Toscanini returned to La Scala in 1921 and remained in charge there until 1929, presenting Falstaff in every season. He took the work to Germany and Austria in the late 1920s and the 1930s, conducting it in Vienna, Berlin and at three successive Salzburg Festivals. Among those inspired by Toscanini's performances were Herbert von Karajan and Georg Solti, who were among his répétiteurs at Salzburg. Toscanini's younger colleague Tullio Serafin continued to present the work in Germany and Austria after Toscanini refused to perform there because of his loathing of the Nazi regime.

When Karajan was in a position to do so he added Falstaff to the repertoire of his opera company at Aachen in 1941, and he remained a proponent of the work for the rest of his career, presenting it frequently in Vienna, Salzburg and elsewhere, and making audio and video recordings of it. Solti also became closely associated with Falstaff, as did Carlo Maria Giulini; they both conducted many performances of the work in mainland Europe, Britain and the US and made several recordings. Leonard Bernstein conducted the work at the Met and the Vienna State Opera, and on record. The advocacy of these and later conductors has given the work an assured place in the modern repertoire. (Note: Among leading conductors of later generations who have been associated with Falstaff are Claudio Abbado and Sir Colin Davis, both of whom recorded the work twice.)
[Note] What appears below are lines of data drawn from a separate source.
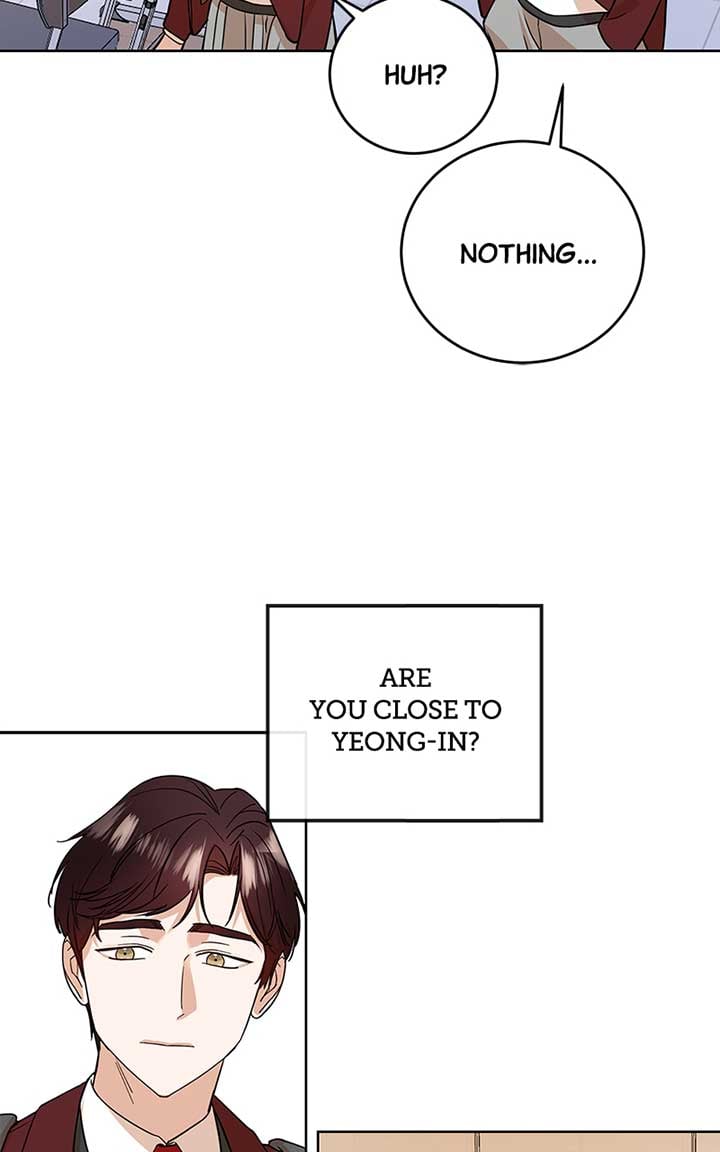 Children of Orbit chapter 4 page 37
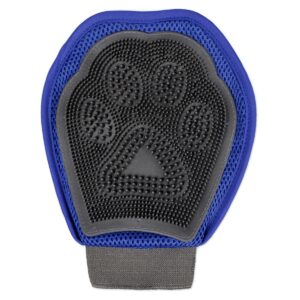 Pet Grooming Tool - up & up™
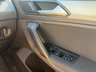 USED 2018 18 VOLKSWAGEN TIGUAN 2.0 TDI SE Navigation SUV 5dr Diesel Manual Euro 6 (s/s) (150 ps) 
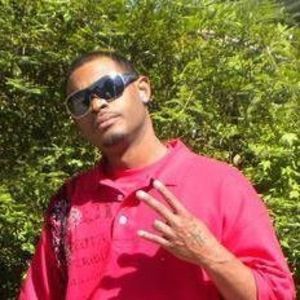 Meet your Posher, Fred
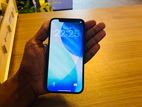 Apple iPhone 12 Pro i phone (Used)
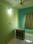 Smaran Appartment Bedroom 3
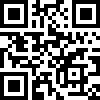 https://iranpl.ir/xsT5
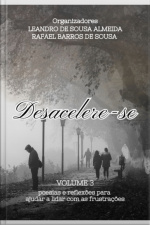 Desacelere-se 3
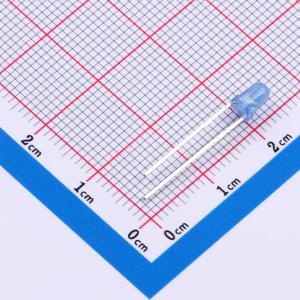 3A2BUD商品缩略图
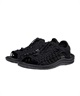 KEEN キーン ユニーク ツー オーティー 1027290 シューズ サンダル アウトドア メンズ(BLBL-26.0cm)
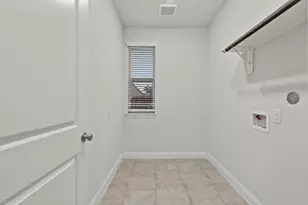 2606 Bethel Springs Ln, League City, TX 77573 - Photo 33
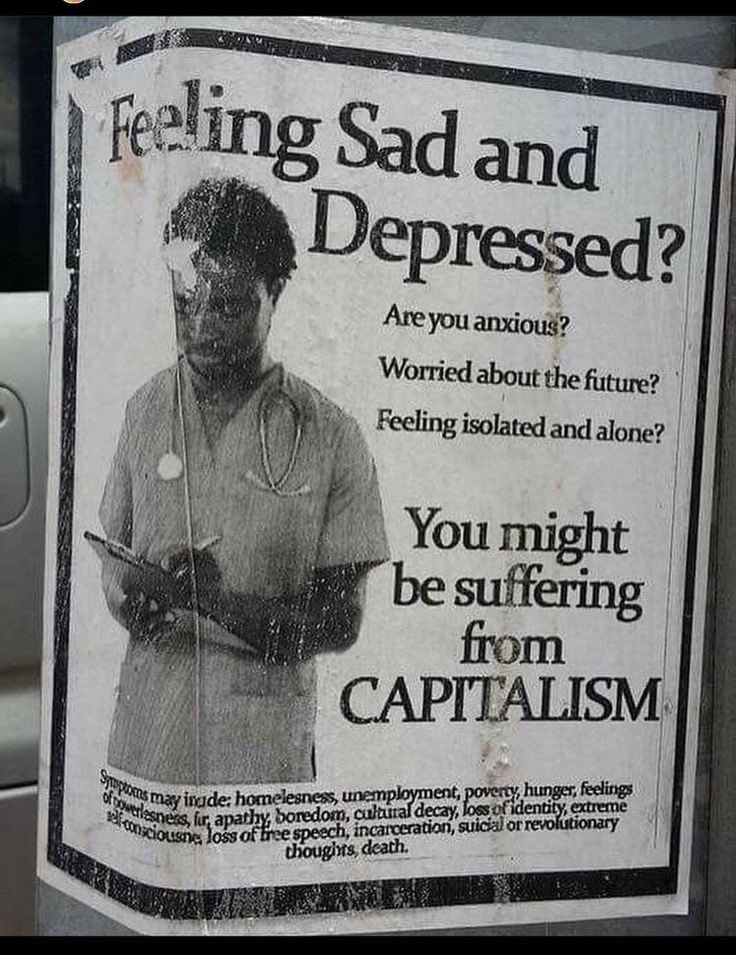 𝗚𝗘𝗡𝗘𝗥𝗔𝗧𝗜𝗢𝗡 𝗢𝗙 𝗦𝗖𝗔𝗥𝗦 (@rocknrollscars) on Twitter photo 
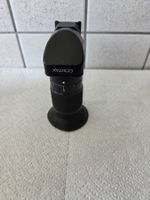 Contax Kamera-Winkelsucher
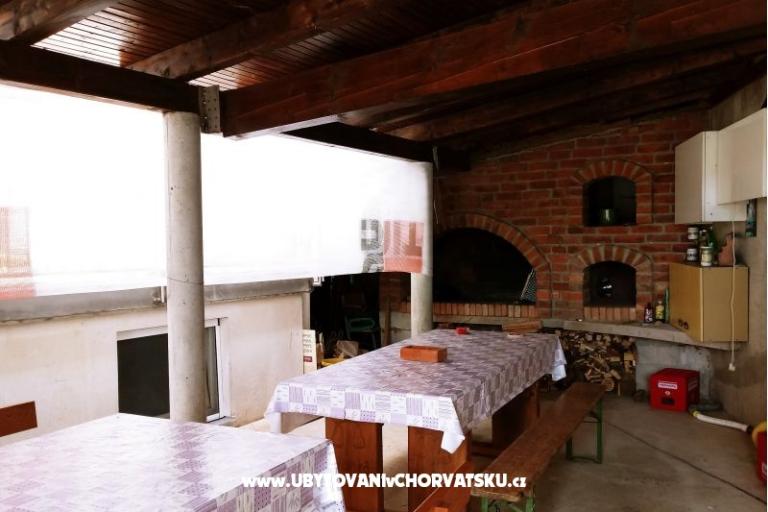 Apartmány Lukić – foto 8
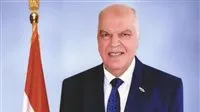 عاجل | نقابة المعلمين: صرف الميزة التأمينية بعد رفعها إلى 50 ألف جنيه
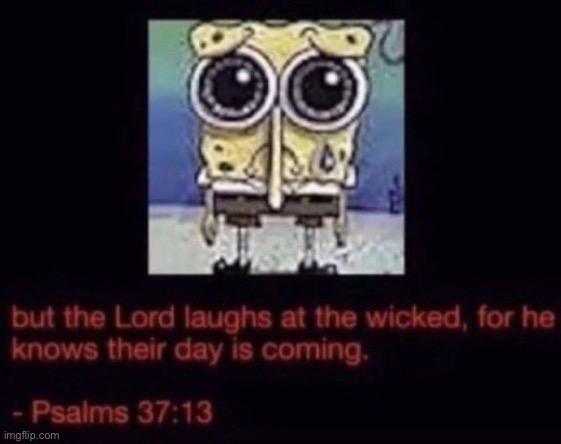 Sponge bob | made w/ Imgflip meme maker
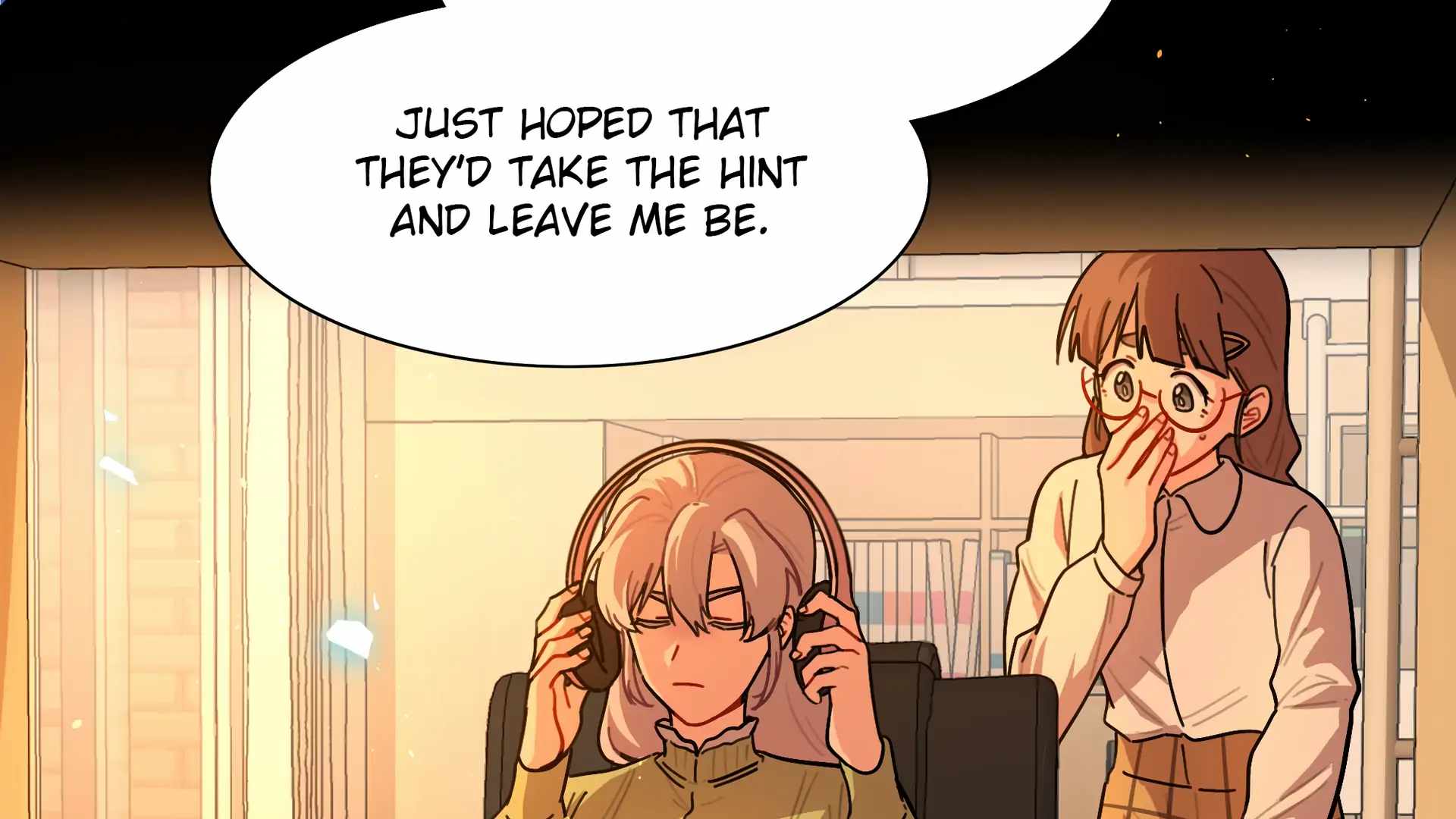 Beware of the Vicious Dog Inside! Chapter 72 - Page 29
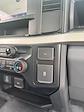 2024 Ford F-350 Regular Cab SRW 4x4 Pickup for sale #F35668 - photo 26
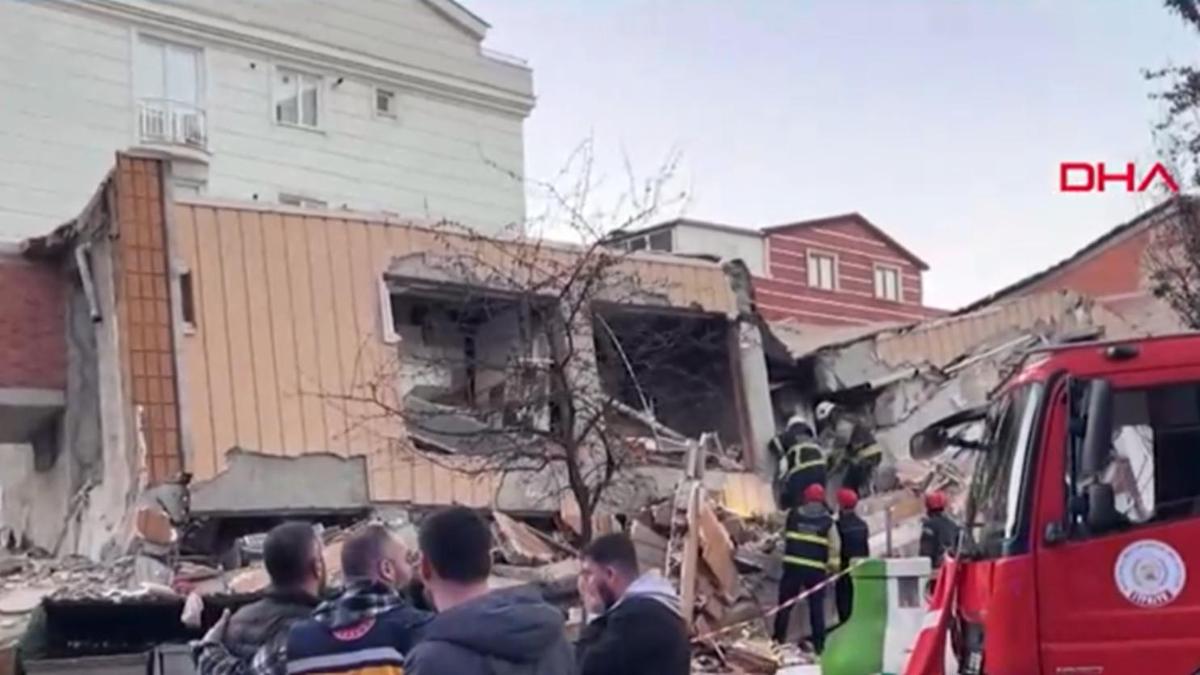 Наталья Кларктың жаңа сексуалды бейнебаяны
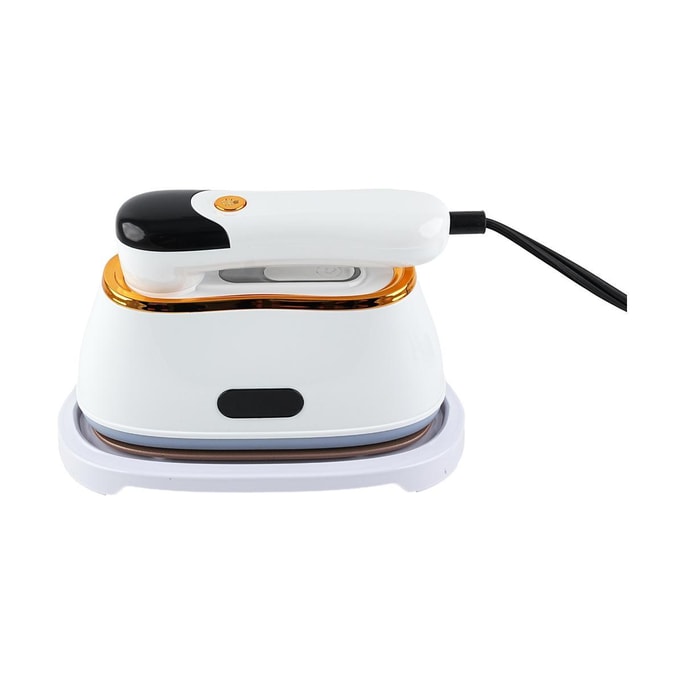 Laundry Appliances & Accessories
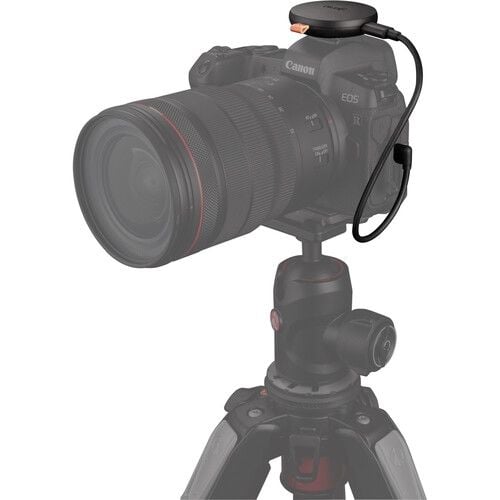 Syrp Genie Micro Smart Remote for Cameras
Among revivals in the 1950s and later, Hepokoski singles out as particularly notable the Glyndebourne productions with Fernando Corena and later Geraint Evans in the title role; three different stagings by Franco Zeffirelli, for the Holland Festival (1956), Covent Garden (1961) and the Metropolitan Opera (1964); and Luchino Visconti's 1966 version in Vienna. A 1982 production by Ronald Eyre, more reflective and melancholy than usual, was staged in Los Angeles, London and Florence; Renato Bruson was Falstaff and Giulini conducted. Among more recent players of the title role Bryn Terfel has taken the part at Covent Garden in 1999, in a production by Graham Vick, conducted by Bernard Haitink. and at the Metropolitan Opera in a revival of the Zeffirelli production, conducted by James Levine in 2006.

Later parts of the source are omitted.